Task instructions: What you should give back is a precise copy of the lines below from the one containing "Kannapolis, North Carolina, 28081, United" through the one containing "Phi thường - kỳ", with no pictures.

Study material:

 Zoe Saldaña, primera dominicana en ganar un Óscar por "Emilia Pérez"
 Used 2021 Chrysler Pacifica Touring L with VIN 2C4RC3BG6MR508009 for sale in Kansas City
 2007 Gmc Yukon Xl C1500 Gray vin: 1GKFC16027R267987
...
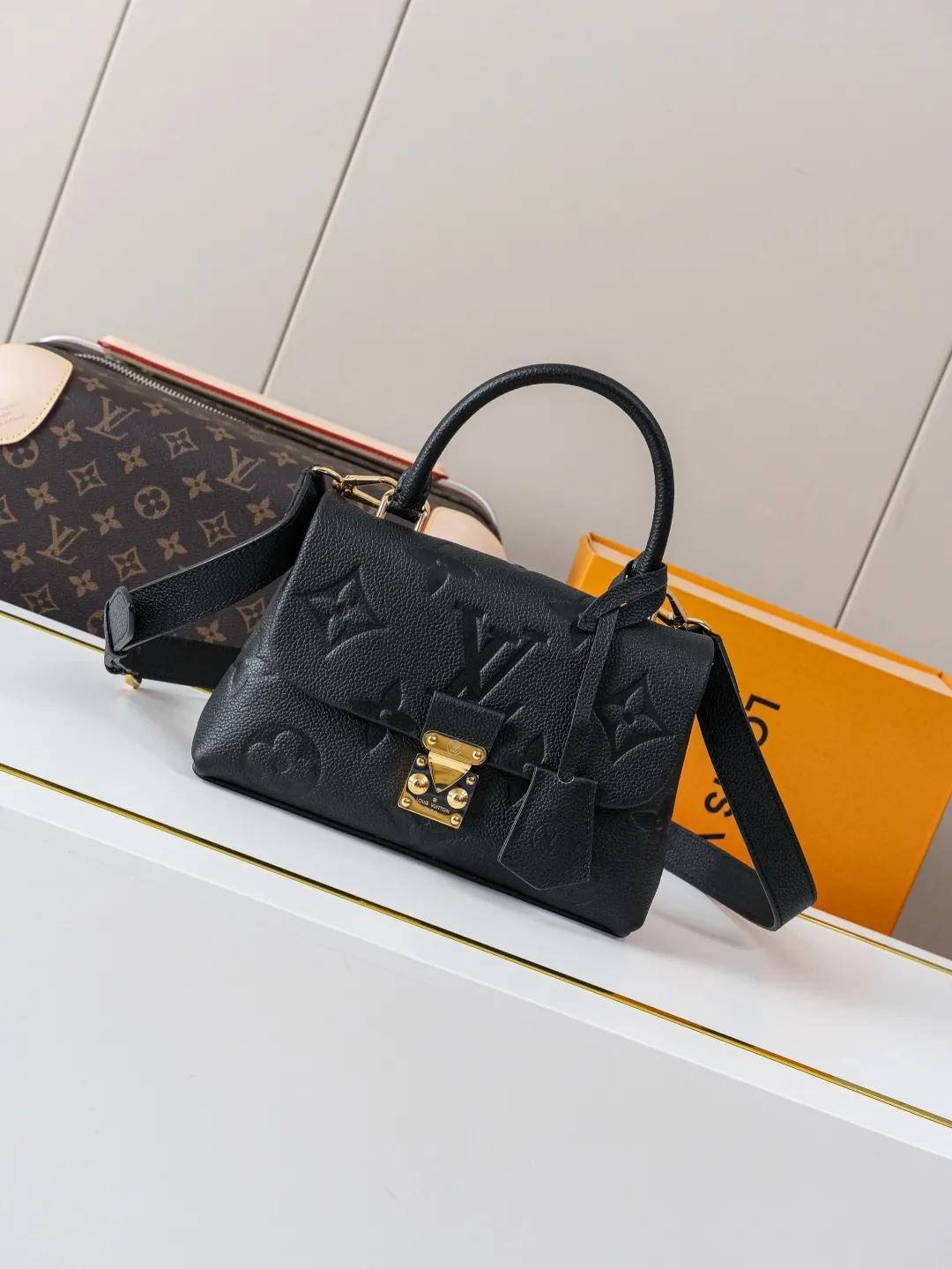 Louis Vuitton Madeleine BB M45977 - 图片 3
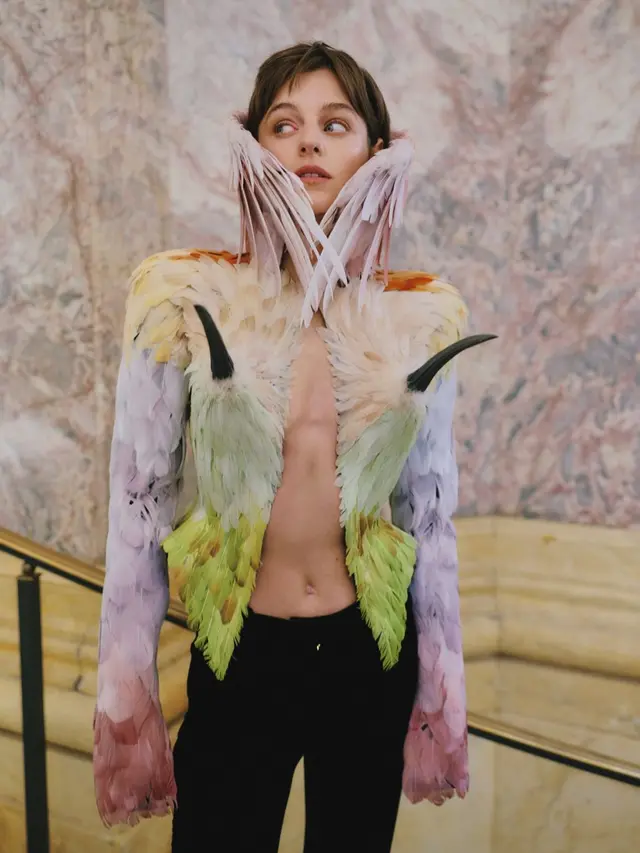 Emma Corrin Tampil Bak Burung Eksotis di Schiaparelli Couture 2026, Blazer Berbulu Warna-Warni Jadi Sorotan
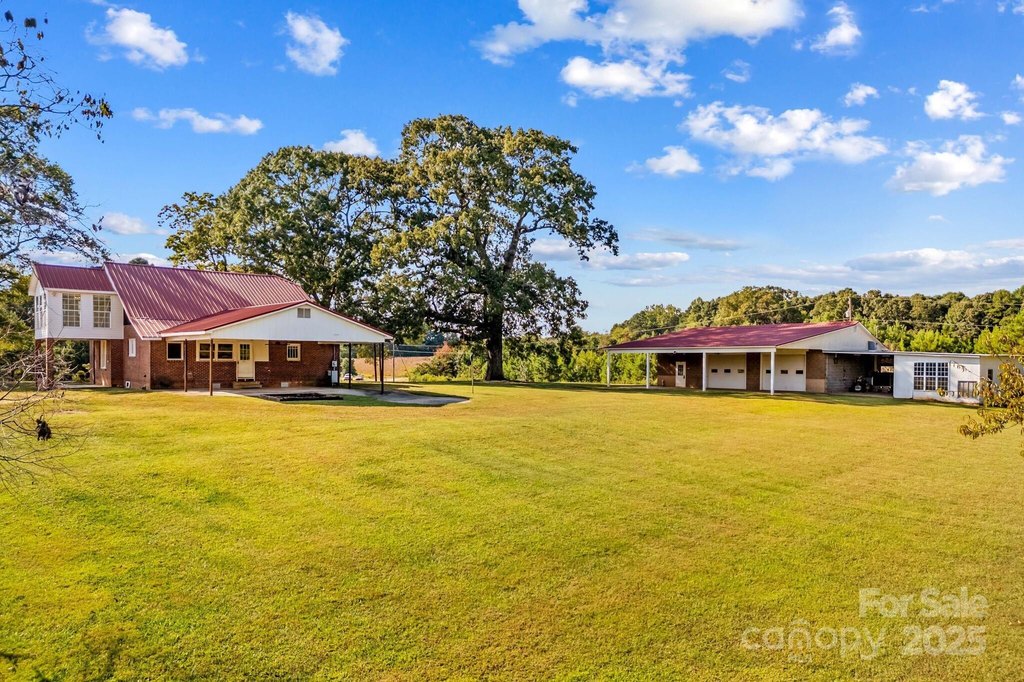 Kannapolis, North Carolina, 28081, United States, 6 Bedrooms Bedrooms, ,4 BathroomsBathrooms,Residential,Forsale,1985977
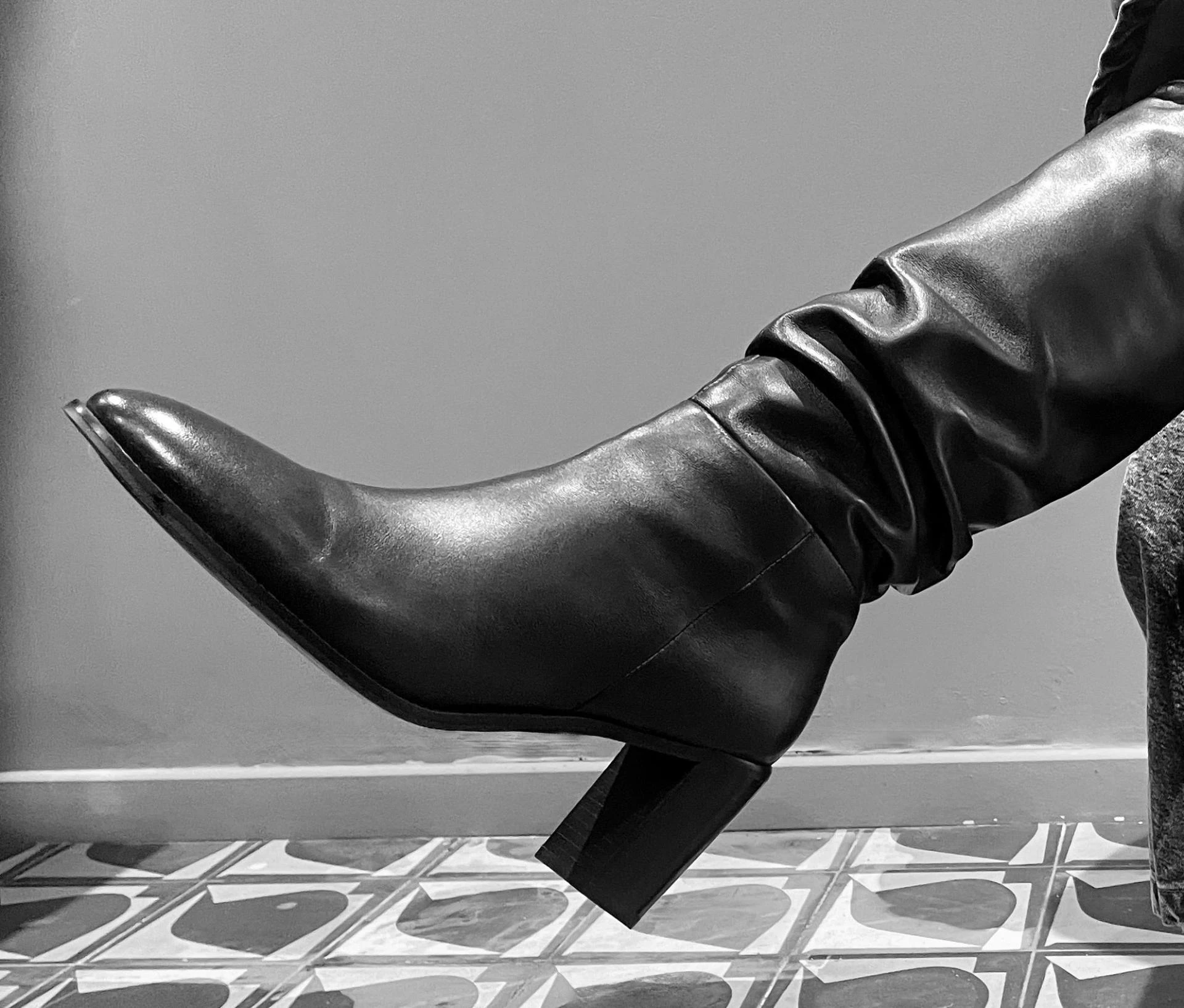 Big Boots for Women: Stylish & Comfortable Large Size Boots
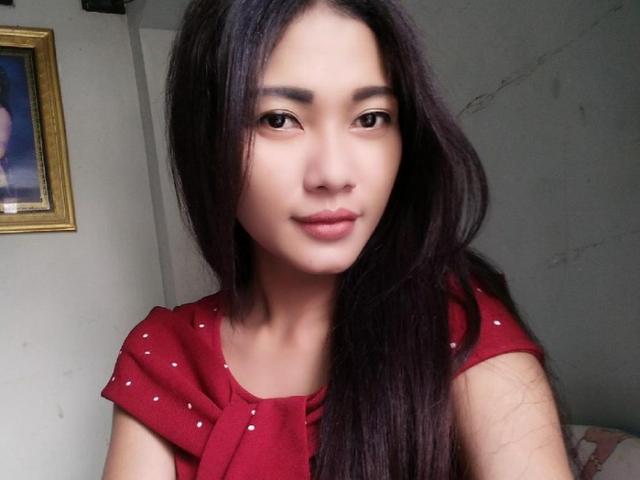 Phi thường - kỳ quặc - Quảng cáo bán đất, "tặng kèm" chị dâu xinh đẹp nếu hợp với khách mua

Your response:
 Kannapolis, North Carolina, 28081, United States, 6 Bedrooms Bedrooms, ,4 BathroomsBathrooms,Residential,Forsale,1985977
 Big Boots for Women: Stylish & Comfortable Large Size Boots
 Phi thường - kỳ quặc - Quảng cáo bán đất, "tặng kèm" chị dâu xinh đẹp nếu hợp với khách mua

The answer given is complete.